In general, the volumetric efficiencies of the pump will decrease over extended time periods because of wear or other problems. As pump volumetric efficiencies decrease (gallons per stroke decrease), the maximum speed run time will automatically increase (assuming no change in reservoir inflow performance) to compensate for the loss in actual liquid displacement per stroke of the subsurface pump. There will also be some increase in liquid accumulation in the annulus (increase in pump submergence) because of decreasing pumping volumes during the minimum speed pump cycle due to decreasing pump volumetric efficiencies.

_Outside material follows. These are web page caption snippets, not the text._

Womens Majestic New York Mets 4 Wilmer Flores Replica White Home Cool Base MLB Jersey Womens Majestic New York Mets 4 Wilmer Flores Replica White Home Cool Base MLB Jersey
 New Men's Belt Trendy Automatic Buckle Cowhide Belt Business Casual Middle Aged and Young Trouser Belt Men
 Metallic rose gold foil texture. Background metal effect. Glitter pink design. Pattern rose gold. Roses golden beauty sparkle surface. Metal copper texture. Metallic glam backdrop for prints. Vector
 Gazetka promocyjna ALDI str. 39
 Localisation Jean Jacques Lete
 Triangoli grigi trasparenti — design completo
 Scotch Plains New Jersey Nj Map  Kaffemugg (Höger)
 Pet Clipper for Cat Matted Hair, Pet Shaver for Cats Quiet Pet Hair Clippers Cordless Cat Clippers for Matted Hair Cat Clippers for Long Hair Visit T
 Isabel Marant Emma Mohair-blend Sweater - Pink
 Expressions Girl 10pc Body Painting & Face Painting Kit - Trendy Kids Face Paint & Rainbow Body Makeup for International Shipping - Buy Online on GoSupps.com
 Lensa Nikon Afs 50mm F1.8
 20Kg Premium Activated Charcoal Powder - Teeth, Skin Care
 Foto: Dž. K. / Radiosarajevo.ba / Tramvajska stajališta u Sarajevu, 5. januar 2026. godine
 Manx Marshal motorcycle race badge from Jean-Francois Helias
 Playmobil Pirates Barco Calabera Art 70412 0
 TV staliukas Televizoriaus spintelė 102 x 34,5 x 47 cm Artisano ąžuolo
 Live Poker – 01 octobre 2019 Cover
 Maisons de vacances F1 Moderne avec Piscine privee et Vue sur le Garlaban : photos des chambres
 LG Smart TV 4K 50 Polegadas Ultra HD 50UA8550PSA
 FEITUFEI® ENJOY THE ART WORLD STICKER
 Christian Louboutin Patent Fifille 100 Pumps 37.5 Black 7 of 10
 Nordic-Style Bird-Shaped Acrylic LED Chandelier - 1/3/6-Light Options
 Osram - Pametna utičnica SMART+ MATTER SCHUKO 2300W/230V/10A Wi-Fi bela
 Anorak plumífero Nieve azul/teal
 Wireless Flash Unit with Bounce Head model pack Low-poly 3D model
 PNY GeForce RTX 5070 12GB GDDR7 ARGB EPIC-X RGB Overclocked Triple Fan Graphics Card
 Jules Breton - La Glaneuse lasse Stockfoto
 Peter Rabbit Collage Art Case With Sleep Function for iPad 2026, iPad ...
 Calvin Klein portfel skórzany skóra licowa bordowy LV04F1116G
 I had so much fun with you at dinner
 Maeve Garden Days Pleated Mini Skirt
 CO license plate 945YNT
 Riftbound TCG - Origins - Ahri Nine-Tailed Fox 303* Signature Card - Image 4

By comparing the volumetric efficiencies, the volumes pumped, and the time of the minimum and maximum speed pump cycles, changes in both the condition of the pump and the condition of the reservoir can be determined. This information provides the operator a means to quantitatively evaluate the mechanics of the pumping system for possible remedial effort, and, at the same time quantitatively evaluate the inflow performance of the reservoir for possible remedial action (stimulation, cleaning, chemical treatment, reservoir drive remedy). With this information available on each well within a field or reservoir, the operator is able to schedule remedial resources to those wells that yield optimum returns whether it be repairing the pumping systems or stimulating the reservoir to produce added liquids or both.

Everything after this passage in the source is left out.